> Work task: Copy out the records precisely, omitting pictures.

> Given data:
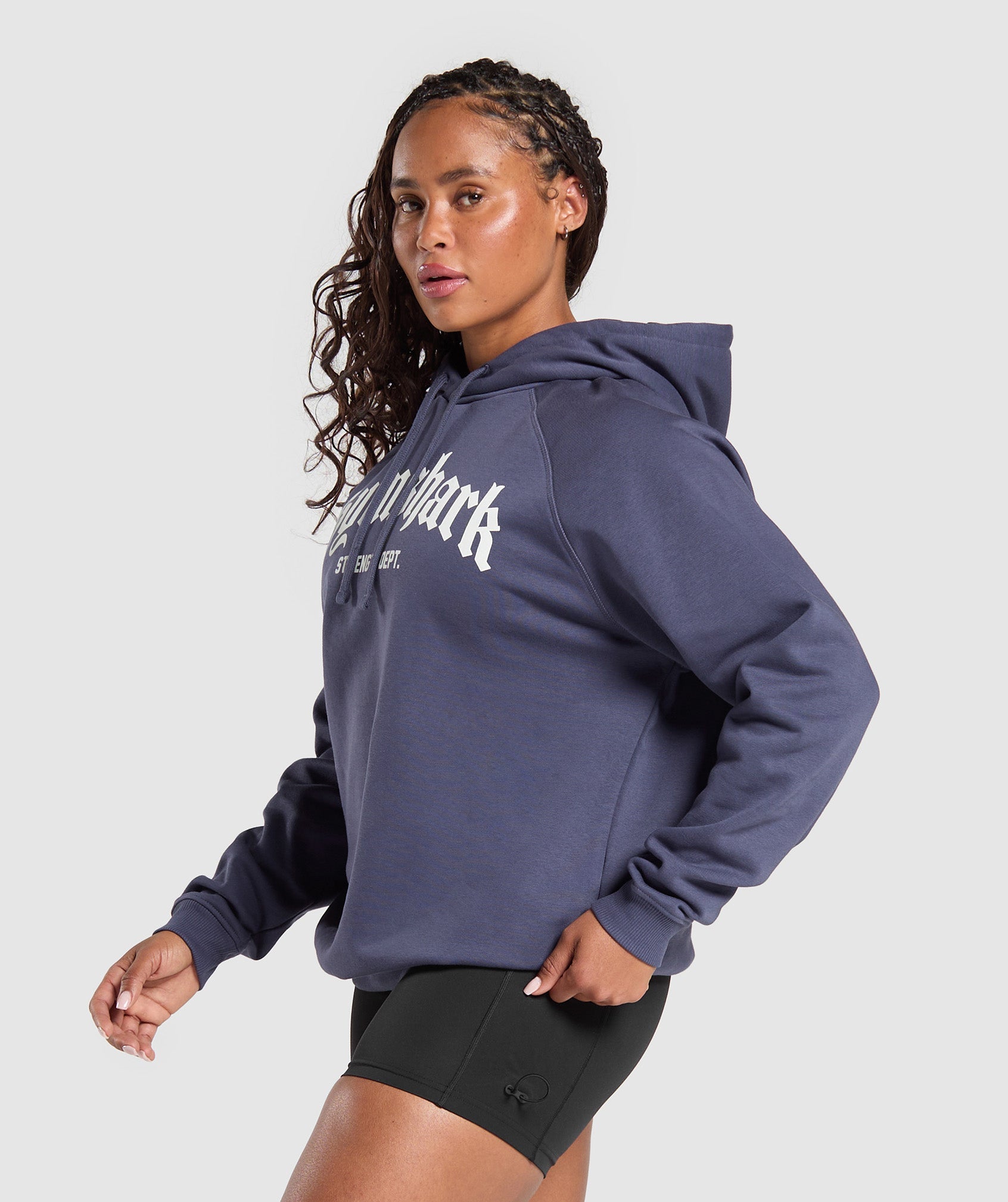 Women's Gymshark Strength Department Graphic Hoodie Weighted Purple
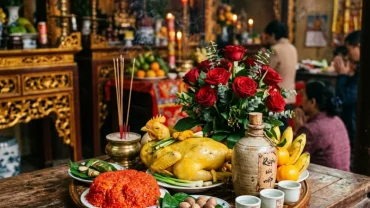 Mâm lễ mặn và sớ dâng trong nghi thức đọc văn khấn ông hoàng bảy tại đền Bảo Hà với hoa tươi và hương trầm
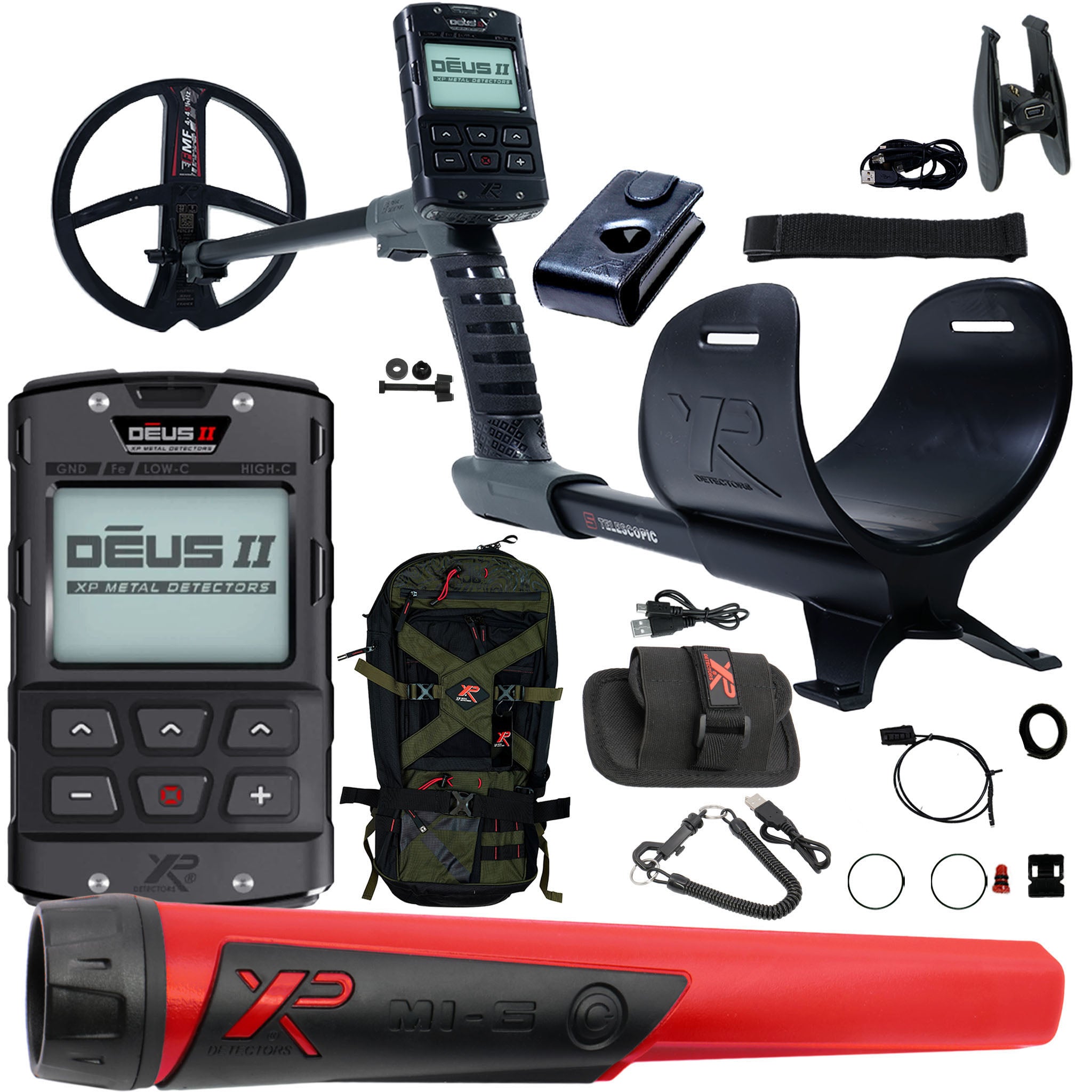 XP DEUS II Fast Multi Frequency RC Metal Detector with 9" FMF Search Coil - Complete Package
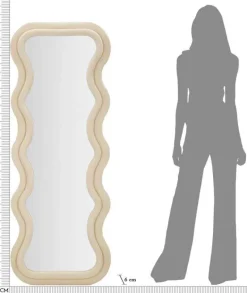 Miroir en MDF Emily 60 x 6 x 160 cm (Crème)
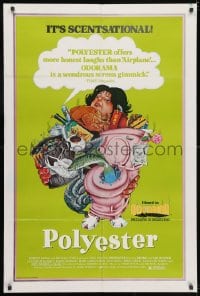 3j683 POLYESTER 1sh 1981 John Waters' trash comedy, Divine & Hunter, filmed in Odorama, Gentile!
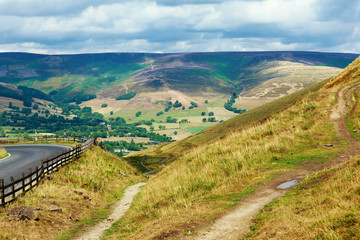 Peak District National Park, Derbyshire, England. view of the hills in Mam Tor with the views of the fields, selective focus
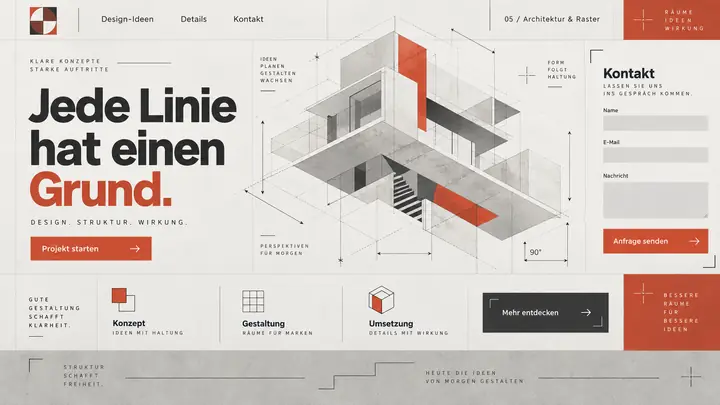 Design-Idee Architektur und Raster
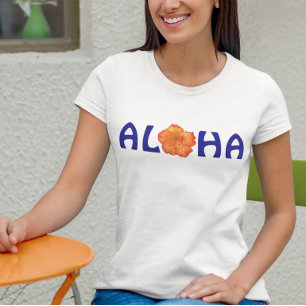 Camiseta Triblenda Aloha Naranja Tropical Hibisco Azul Tipografía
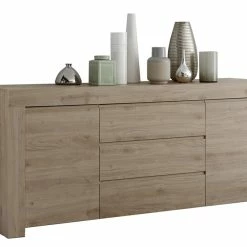 Buffet Finition Bois Chêne 2 Portes 3 Tiroirs L184 Cm TINO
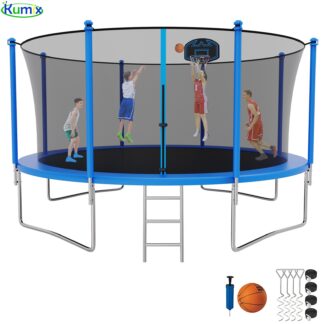 Kumix Trampoline 1400LBS 14 12 FT Trampoline for 7-8 Kids and Adults, Windproof Outdoor Trampoline with Enclosure Net, Basketball Hoop, Easy to Install & Last Long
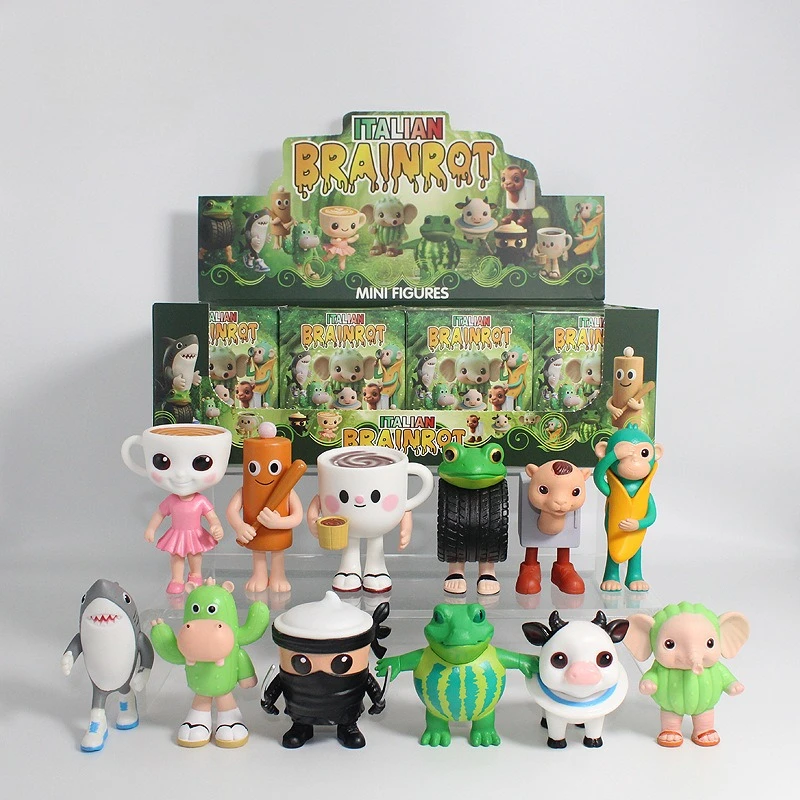 Nueva caja ciega italiana Brainrot Tung Tung Sahur modelo figura Tralalero Tralala Crocodilo Capuuccino muñeca chico juguete caja de regalo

> Task solution:
 Women's Gymshark Strength Department Graphic Hoodie Weighted Purple
 Mâm lễ mặn và sớ dâng trong nghi thức đọc văn khấn ông hoàng bảy tại đền Bảo Hà với hoa tươi và hương trầm
 XP DEUS II Fast Multi Frequency RC Metal Detector with 9" FMF Search Coil - Complete Package
 Miroir en MDF Emily 60 x 6 x 160 cm (Crème)
 3j683 POLYESTER 1sh 1981 John Waters' trash comedy, Divine & Hunter, filmed in Odorama, Gentile!
 Peak District National Park, Derbyshire, England. view of the hills in Mam Tor with the views of the fields, selective focus
 Design-Idee Architektur und Raster
 Camiseta Triblenda Aloha Naranja Tropical Hibisco Azul Tipografía
 Buffet Finition Bois Chêne 2 Portes 3 Tiroirs L184 Cm TINO
 Kumix Trampoline 1400LBS 14 12 FT Trampoline for 7-8 Kids and Adults, Windproof Outdoor Trampoline with Enclosure Net, Basketball Hoop, Easy to Install & Last Long
 Nueva caja ciega italiana Brainrot Tung Tung Sahur modelo figura Tralalero Tralala Crocodilo Capuuccino muñeca chico juguete caja de regalo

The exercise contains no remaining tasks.